Commentary and Questions Prepared for you by FR. James DiLuzio CSP
Reflecting on Zechariah and Elizabeth’s situation in Luke’s Gospel, Chapter 1, vs 5 through 25, I invite you to identify with the way they and those hearing or reading Luke’s Gospel were experiencing oppressions.
- Oppressed as a childless couple, stigmatized in an ancient culture
- Oppressed as a people conquered by the Roman Empire and formerly oppressed by other empires
- Oppressed by not having citizenship, deprived of all the rights and liberties thereof
- Oppressed by fear their religious traditions will be compromised by Rome’s official religions and/or that the religious freedom they enjoyed could be taken away
To feel oppressed is to feel “put upon,” to be denied a say in what impacts you. It can mean feeling taken for granted in ways that evoke a sense of helplessness and loss of basic human dignity. It can mean living in fear, under the threat of violence, imprisonment or death. One may be oppressed by the economy, social mores, unjust laws, or oppressed by people in authority—an unreasonable boss, an overbearing teacher or team leader—or even feel oppressed, taken for granted, by family members and friends. Knowing as we do that marriage in today’s Church and in modern societies is understood as a true partnership of equals—male and female, still, how often we hear one spouse say to another, “Why is it we always have to do things YOUR way . . . DEAR?” So now, focus your group on these three questions.
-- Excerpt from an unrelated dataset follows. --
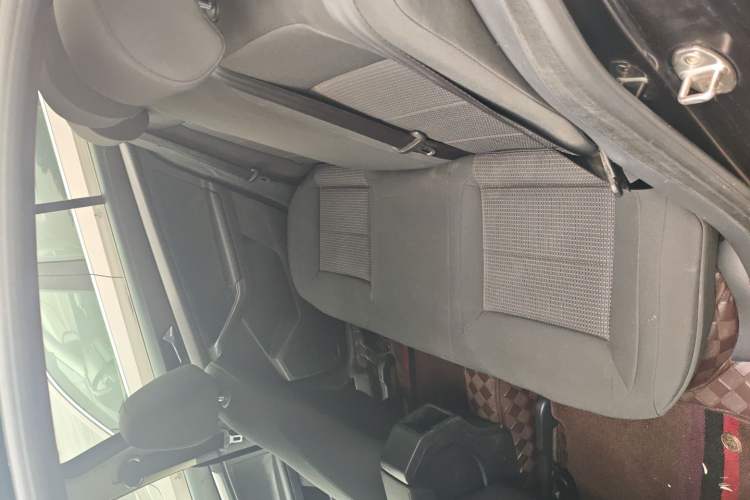 Used Volkswagen Lavida 2015 1.6L Manual Fashion Edition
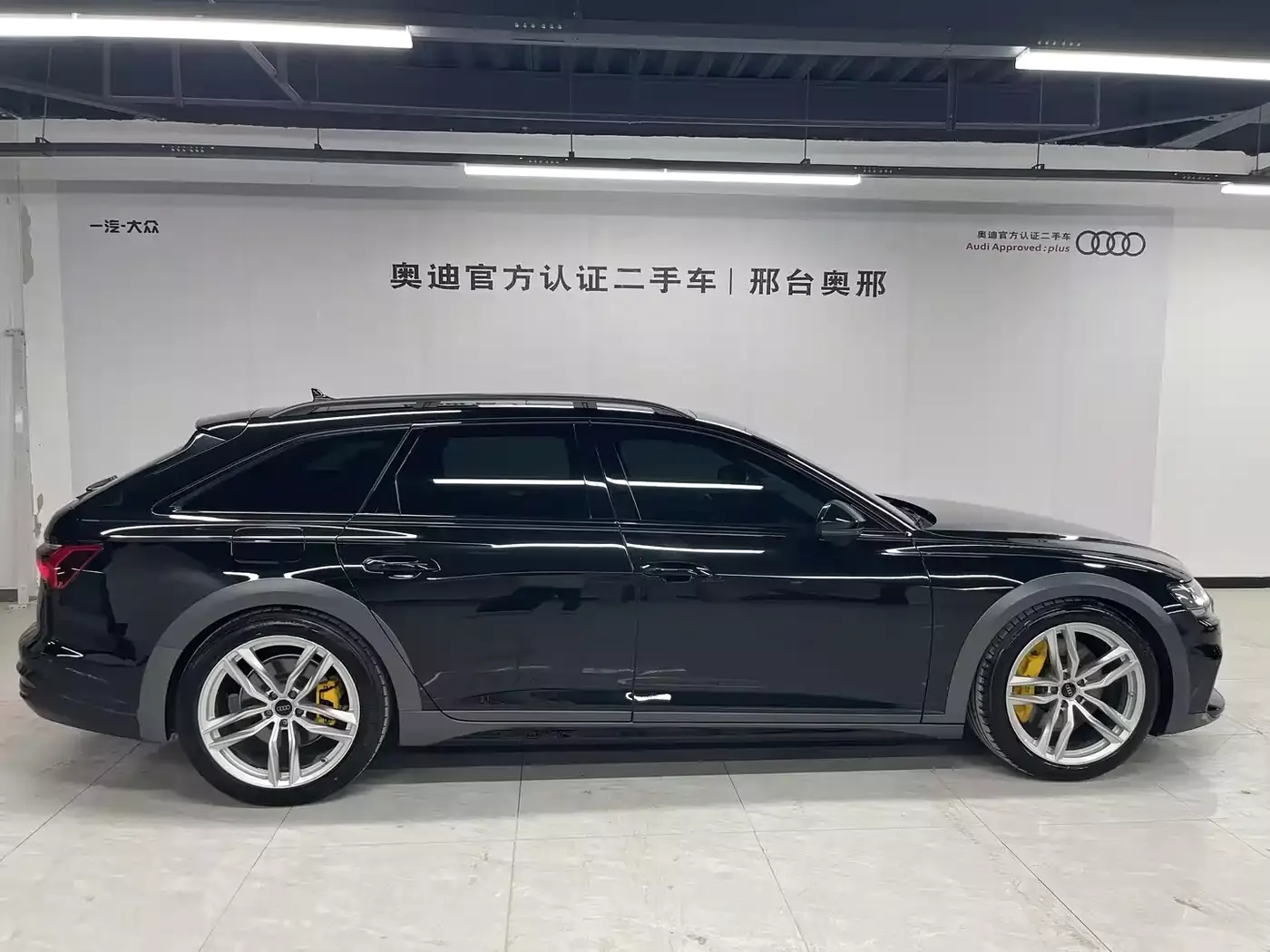 Audi A6 (Import) 2023 Model allroad quattro 55 TFSI Grand Explorer Edition фото 3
1. What do you imagine it would be like to live in an occupied country, or to live in your own country with lack of citizenship? Explain.
2. In what ways might you feel “oppressed” in your current life situation?”
3. What may be some of the most productive ways you and others can address your feelings of oppression? Some resources such as “Non-Violent Communication Skills” are featured on the web. You’ll find some suggestions in the footnote below.
4. Does naming your personal oppressions enhance or detract from your ability to enter into this part of the Gospel and other stories like it? Please explain.
5. Does naming your personal oppressions enhance or detract from your ability to empathize with other oppressed people?
6. Explore the topic of Religious Freedom. How important is “religious freedom” to you? What about religious expression? For example, what is your opinion regarding displaying personal, religious symbols in public? And, what feelings are evoked within you as you discuss this topic? It would be best to start with how you “feel,” before you go into the topic.
7. To what extent is a person entitled to freedom of religious expression in the workplace? What is your opinion? What ethical principle grounds your opinion? For example, you could say, “The Golden Rule,” or “The Platinum Rule,” or “The US Bill of Rights.” Or perhaps you ground your opinion in a political philosophy, or a passage from the Bible, whether it is TANAKH (the formal name for the Jewish Bible) or the Christian Bible, Koran, other religious source, or, perhaps, some combination thereof.